Dimension of image: H x W X D =  (160, 320, 3)
# of images:  8036
Steering range: Min= -0.9426954  , Max= 1.0
Throttle range: Min= 0.0  , Max= 0.9855326
Brake range: Min= 0.0  , Max= 1.0
Speed range: Min= 0.5024896  , Max= 30.70936
image Min:  0
image Max:  255


In [46]:
def offset_steering(df, offset):
    df[df['target'] == 'left']['steering'] = df[df['target'] == 'left']['steering'] + offset
    df[df['target'] == 'right']['steering'] = df[df['target'] == 'right']['steering'] - offset
    return df

def filter_by_steering(df, min_angle):
    return df[np.abs(df['steering']) >= min_angle]

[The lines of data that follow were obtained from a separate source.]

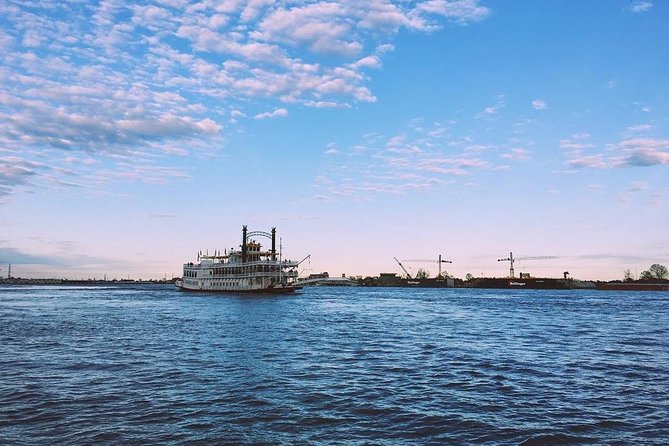 Paddlewheeler Creole Queen Jazz Dinner Cruise in New Orleans - The promenade deck after dark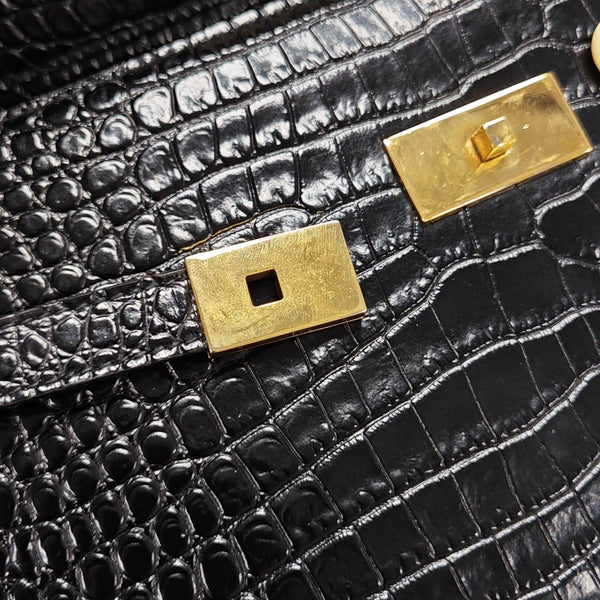 MANHATTAN Medium Calfskin Black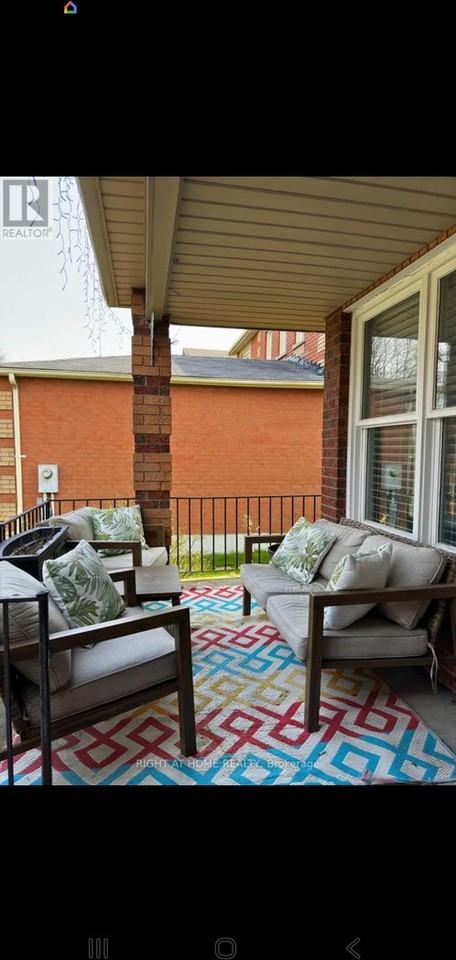42 Brownell St - Photo 4 of 34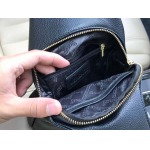 2025年9月5日入荷新作Versace /人気/本革/バッグ 人気 おすすめ 父の日 誕生日/ギフト プレゼント 結婚式男友達の誕生日プレゼント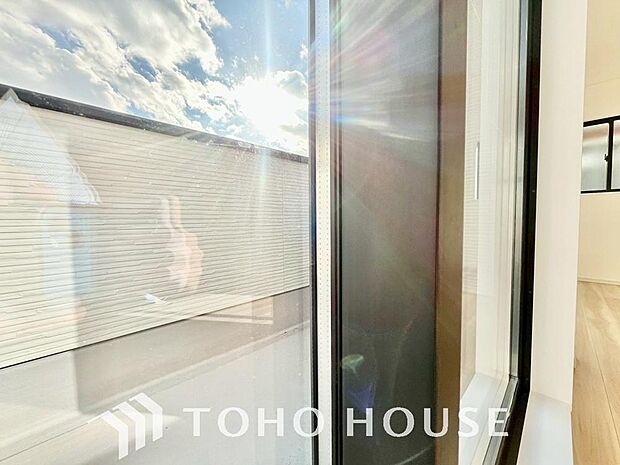 二層のガラスの間に空気層や特殊ガス層を作ることで断熱性能や結露防止効果を高めたサッシを装備してます。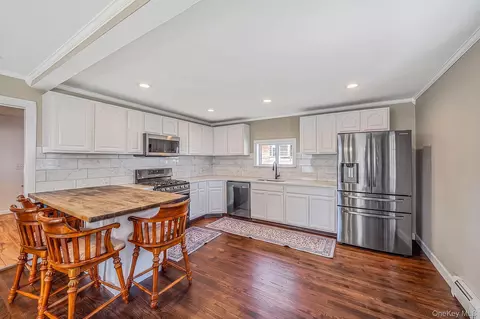 Kitchen - 89 Avery Ave, Patchogue, NY 11772 photo 2 of 3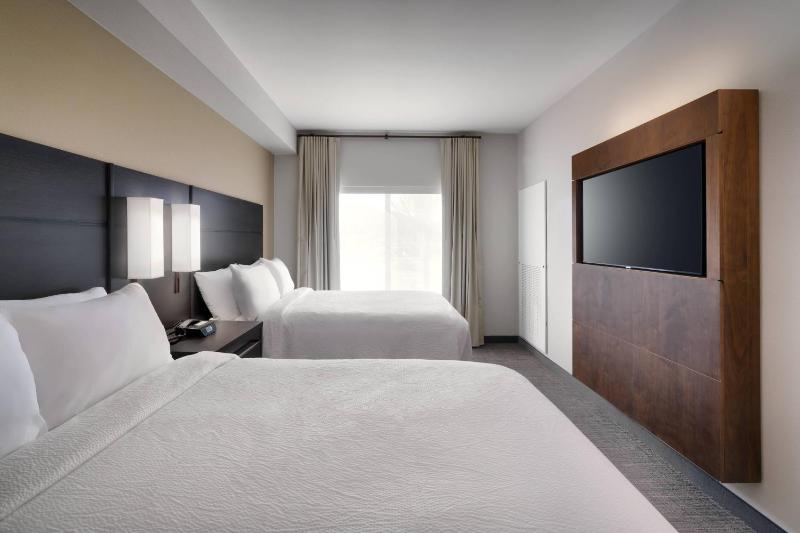 One-Bedroom Suite with Two Queen Beds and Sofa Bed image 3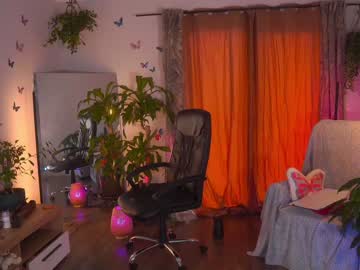 girl
        juicyandthepussyblvd cam image #1257673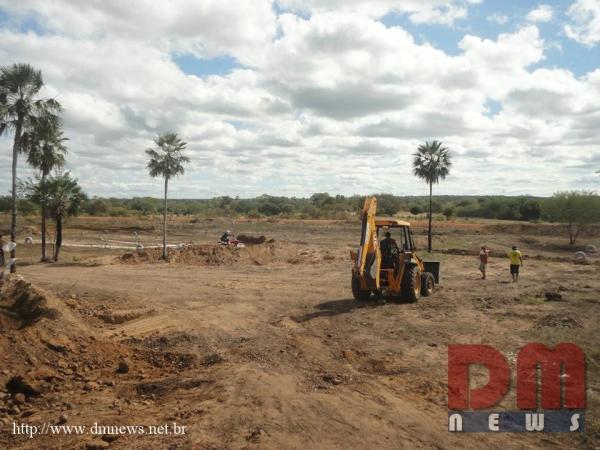 Ministério Público investiga uso irregular de máquina do PAC. - Imagem 2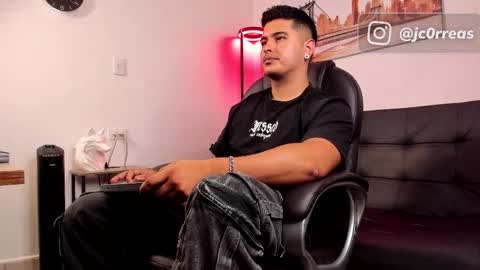 _juanes__ online show from December 2025 11:01:02 PM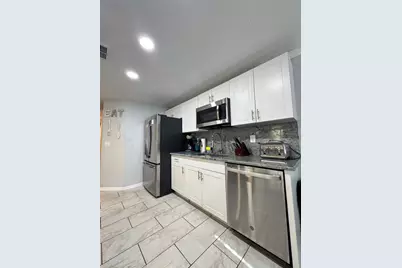2726 49th Avenue W #2726, Bradenton, FL 34207 - Photo 8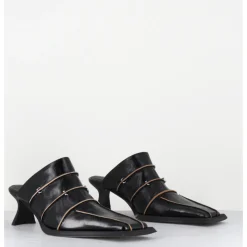 Sale MIISTA Mules cuir & piercings bout carré petit talon - TATTI BLACK MULES NOIR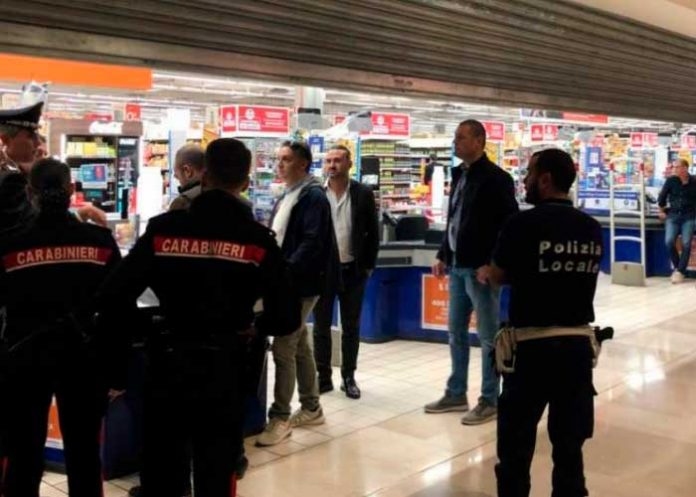 Al menos un muerto y cuatro heridos tras un ataque con cuchillo en Italia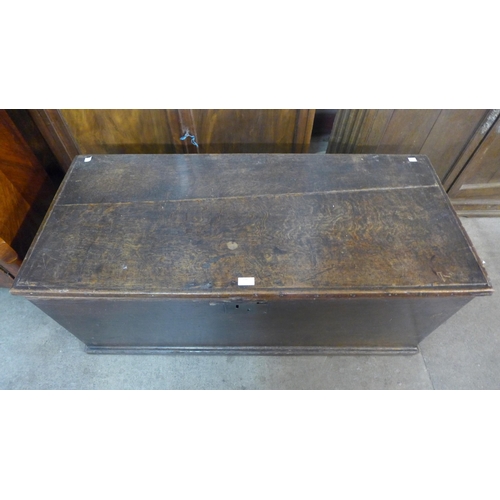 152 - A George III oak blanket box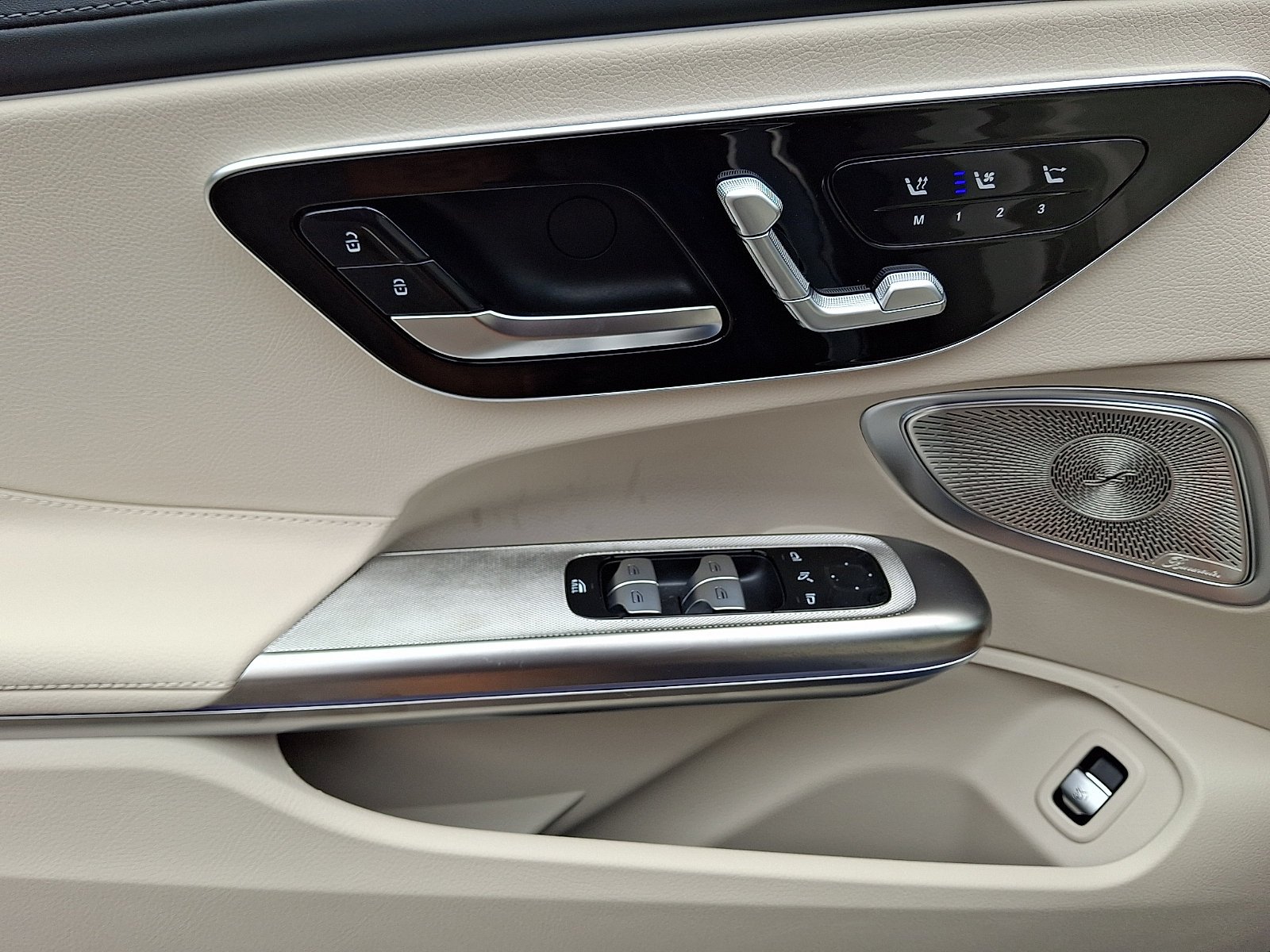 New 2027 Starling Blue Metallic Mercedes-Benz CLE 300 image 34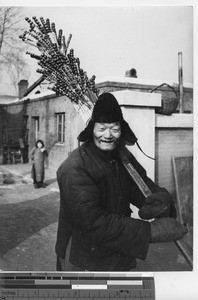 Selling candied crab apples at Fushun, China, 1939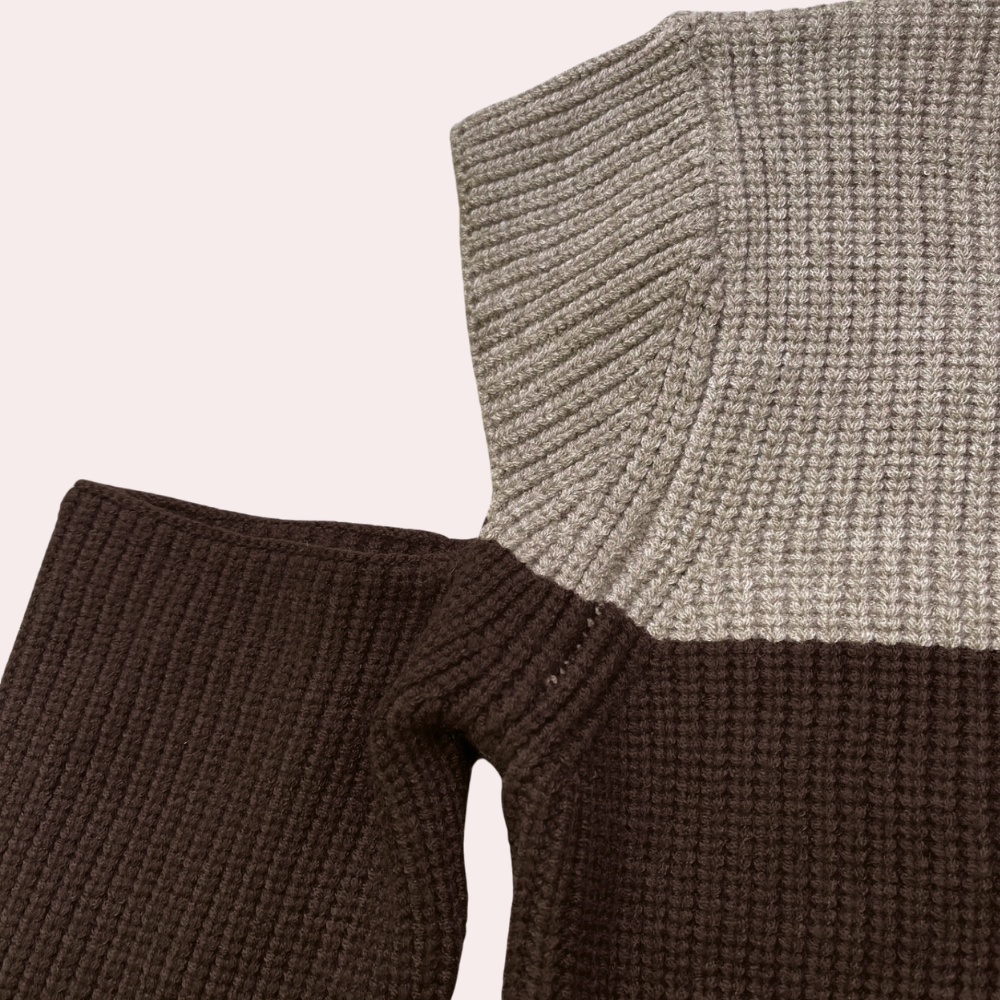 Zweifarbiger Strickpullover mit Ausschnitten an den Ärmeln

def append_mirrored_data(df):
    dfMirror = df.copy(deep=True)
    dfMirror['mirror'] = True
    dfMirror['steering'] *= -1
    df = pd.concat([df, dfMirror])
    return df

def set_position_targets(df, position):
    if position == 'all':
        dfLeft = df.copy(deep=True)
        dfLeft['target'] = 'left'
        dfCenter = df.copy(deep=True)
        dfCenter['target'] = 'center'
        dfRight = df.copy(deep=True)
        dfRight['target'] = 'right'
        df = pd.concat([dfLeft, dfCenter, dfRight])
    else:
        df['target'] = position 
    return df
    
def degrees_to_proportion(val):
    return val / 25.
    
class MyMinMaxScaler():
    def __init__(self, new_range=(0,1)):
        self.new_min = new_range[0]
        self.new_max = new_range[1]
        
    def fit(self, inputs):
        self.min = np.min(inputs)
        self.max = np.max(inputs)
        
    def transform(self, inputs):
        return (inputs - self.min) / (self.max - self.min) * (self.new_max - self.new_min) + self.new_min
    
def get_next_feature(df, batch_size = 10, mode = 'train', position = 'center', offset = 5., val_portion = 0.2, include_mirror=True, steering_multiplier=1.0, min_angle=1.5):
    total_len = len(df)
    val_len = int(val_portion * total_len)
    train_len = total_len - val_len
    
    offset = degrees_to_proportion(offset)
    min_angle = degrees_to_proportion(min_angle)

    if mode == "train":
        df = df[:train_len]
    else: #Validation set
        df = df[train_len:]
        position = 'center' #Only use center data
    
    min_max_scaler = MyMinMaxScaler((-1,1))
    #min_max_scaler = preprocessing.MinMaxScaler((0,1))
    min_max_scaler.fit(df['steering'])
    df['steering'] = min_max_scaler.transform(df['steering'])
    offset, min_angle = min_max_scaler.transform(np.array([offset, min_angle]))
    
    df = set_position_targets(df, position)
    df = offset_steering(df, offset)
    df = filter_by_steering(df, min_angle)
            
    df['mirror'] = False
    if include_mirror:
        df = append_mirrored_data(df)
    
    
    #Shuffle
    df = df.sample(frac=1).reset_index(drop=True)
    df = df.sample(frac=1).reset_index(drop=True)
    
    row = df.iloc[0]
    sample_image = cv2.imread(row[row['target']])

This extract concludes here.